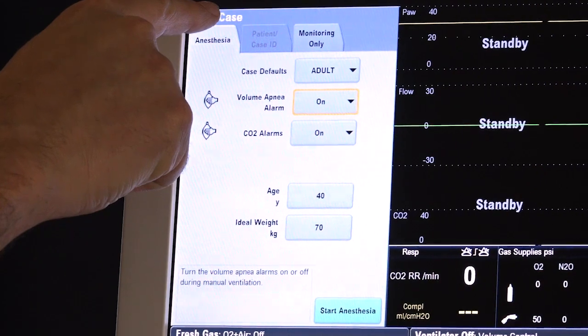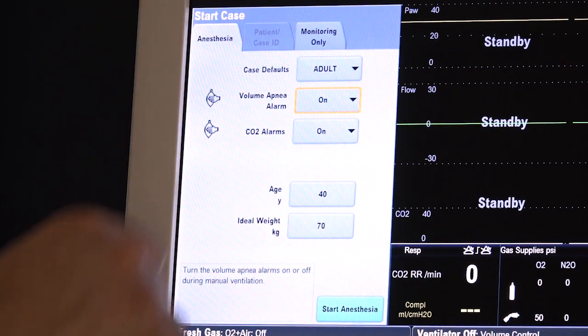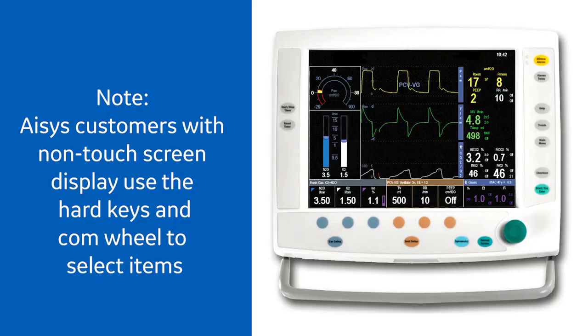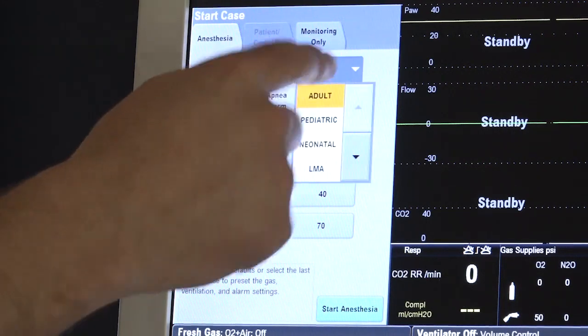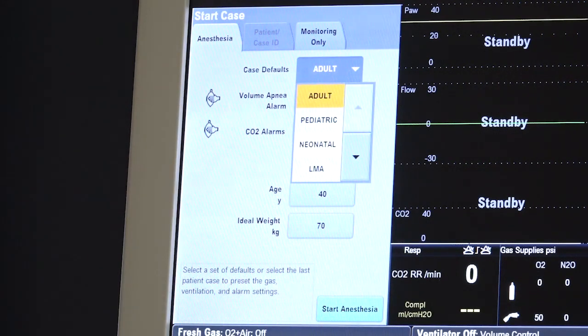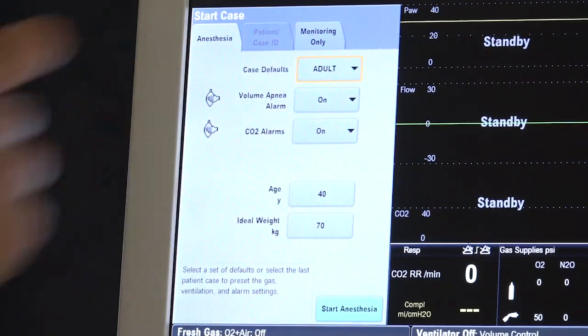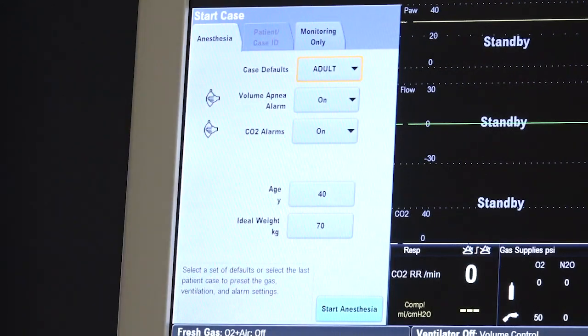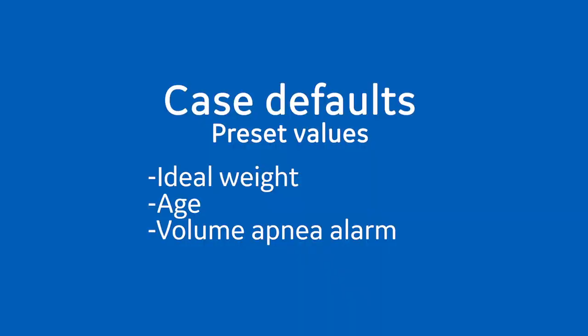Use the start case menu to set the case data and start the gas flow. A case can be started using default or custom settings. The case default selection shows the four default case types and the ability to use your last case setting. Each case type has a preset value for ideal weight, age and volume apnea alarm.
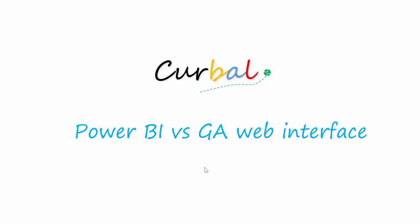Hello, this is Rutola from kurval.com and I was asked last week if I could do a video about when to use Power BI versus when to use the Google Analytics web interface. So this is going to be a short video but hopefully a useful one.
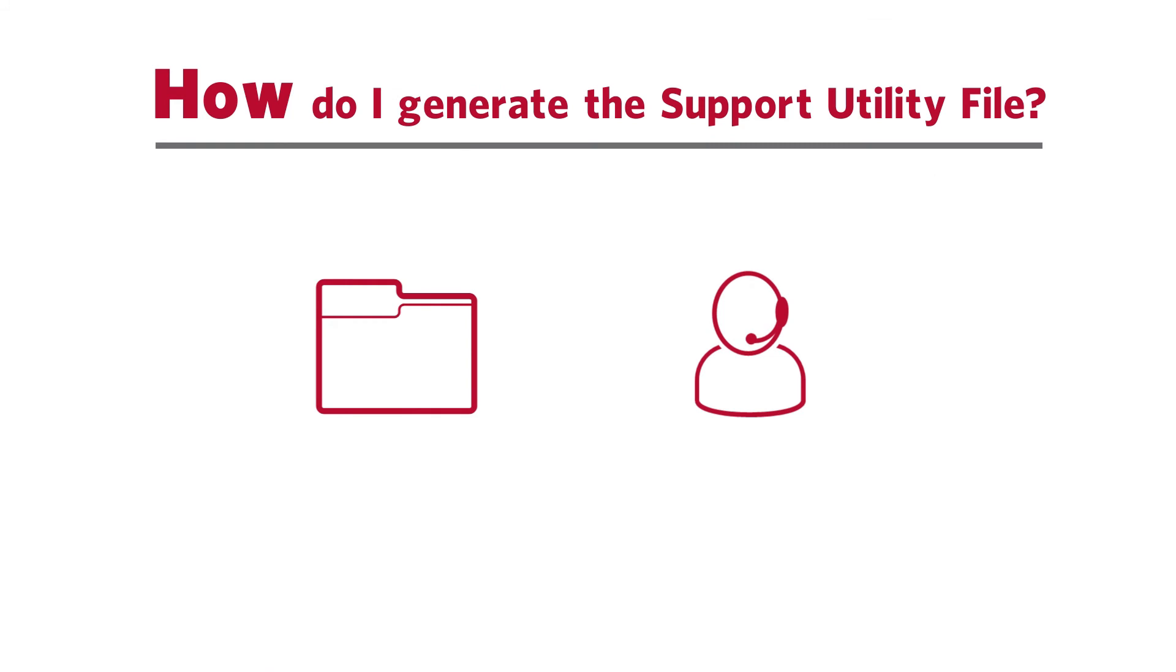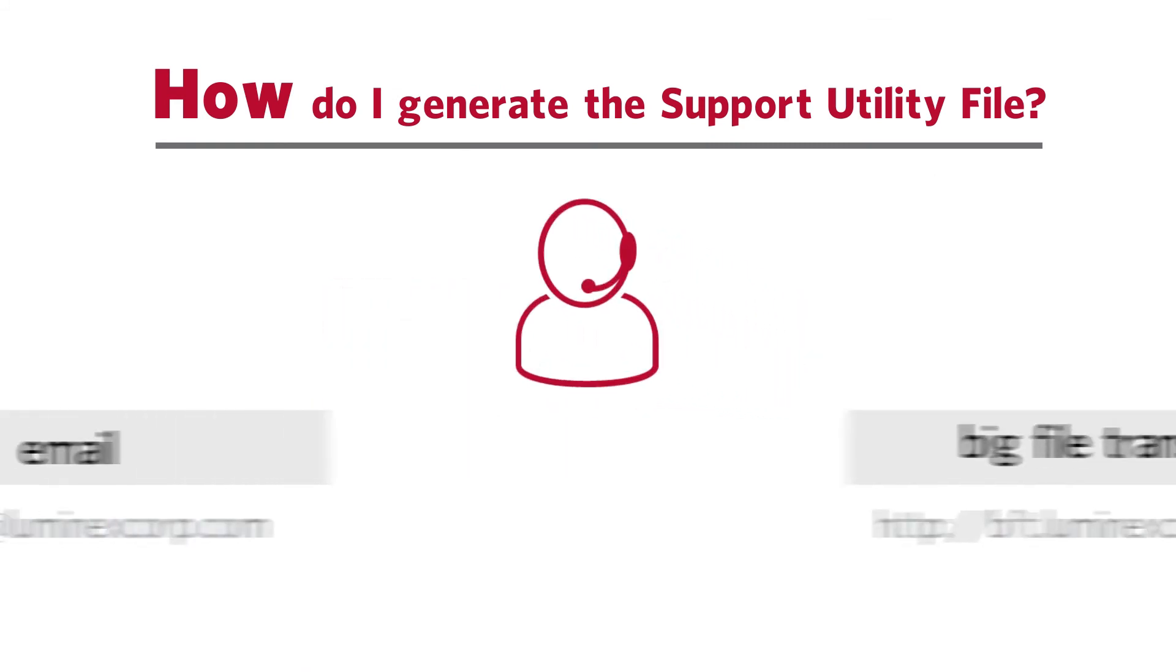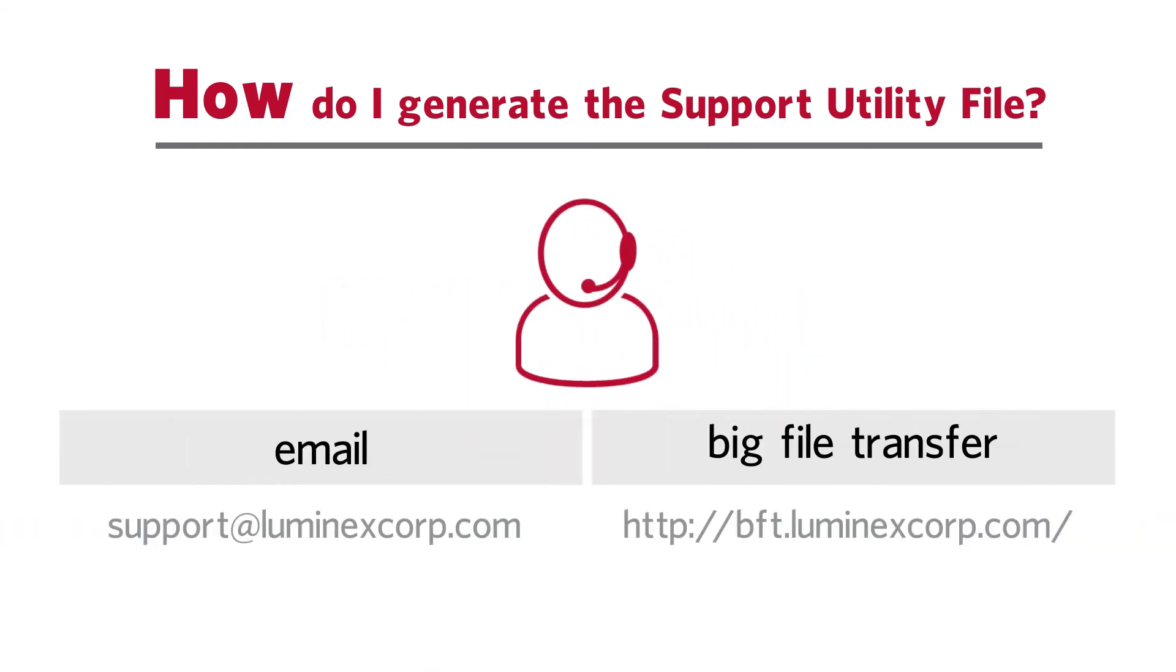Finally, locate the .zip file and send the file to Luminex Technical Support. If the file exceeds the limit to send via email, use the big file transfer.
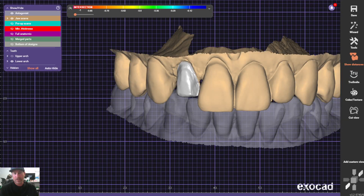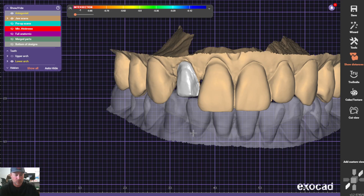Here's a quick video showing how to ditch the die for veneer cases. I'll show you quickly how I do this.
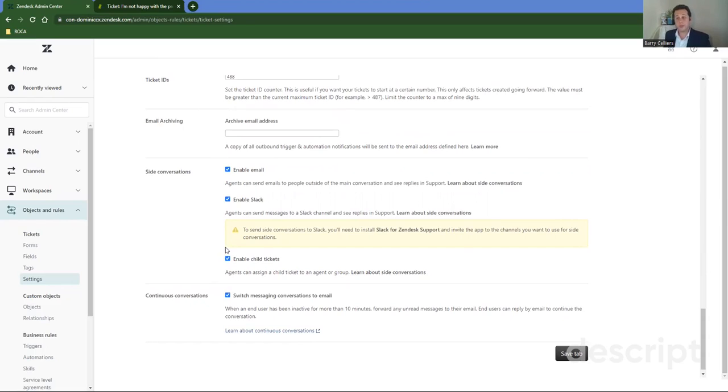So natively, Zendesk supports enablement for Slack, enablement for email, and enablement for child tickets, depending on how you want to use side conversations.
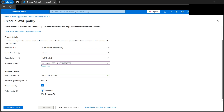Prevention will prevent attacks; Detection will only detect them. We can switch or toggle between these policy modes anytime, even after creation, which I'll show later. For now, let's go with Prevention. Think of it like this: if a person has a fever of 102°F, Detection is just a thermometer — it detects the temperature but doesn't act. Prevention is like medicine that lowers the body temperature. I hope that clarifies the two policy modes.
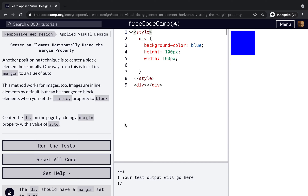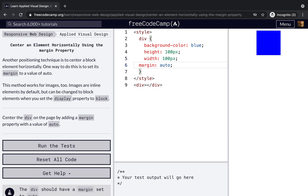Center an element horizontally using the margin property. Another positioning technique is to center a block element horizontally by setting its margin value to auto. This method works for images too — images are inline elements by default but can be changed to block elements by setting display to block. Center the demo on the page by adding margin auto.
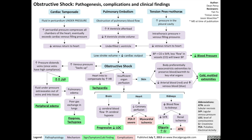Third, a tension pneumothorax, which involves increased pressure in the pleural cavity, causing intrathoracic pressure to exceed venous filling pressures in the heart, again reducing venous return to the heart, leading to an underfilled left ventricle.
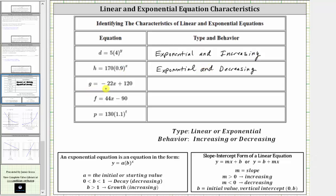Next we have g equals negative 22x plus 120, which fits the slope-intercept form of a linear equation, y equals mx plus b, and therefore the equation is linear. And because the slope m is negative, the behavior is decreasing.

▶ [DESCRIPTION OF THE TASK] In the listing above, find the line with "Hello, this is" and the line with "So natively, Zendesk". Set down exactly those lines and everything between them, skipping pictures.

▶ [SOLUTION FOR THIS PROBLEM]
Hello, this is Rutola from kurval.com and I was asked last week if I could do a video about when to use Power BI versus when to use the Google Analytics web interface. So this is going to be a short video but hopefully a useful one.
Finally, locate the .zip file and send the file to Luminex Technical Support. If the file exceeds the limit to send via email, use the big file transfer.
Here's a quick video showing how to ditch the die for veneer cases. I'll show you quickly how I do this.
So natively, Zendesk supports enablement for Slack, enablement for email, and enablement for child tickets, depending on how you want to use side conversations.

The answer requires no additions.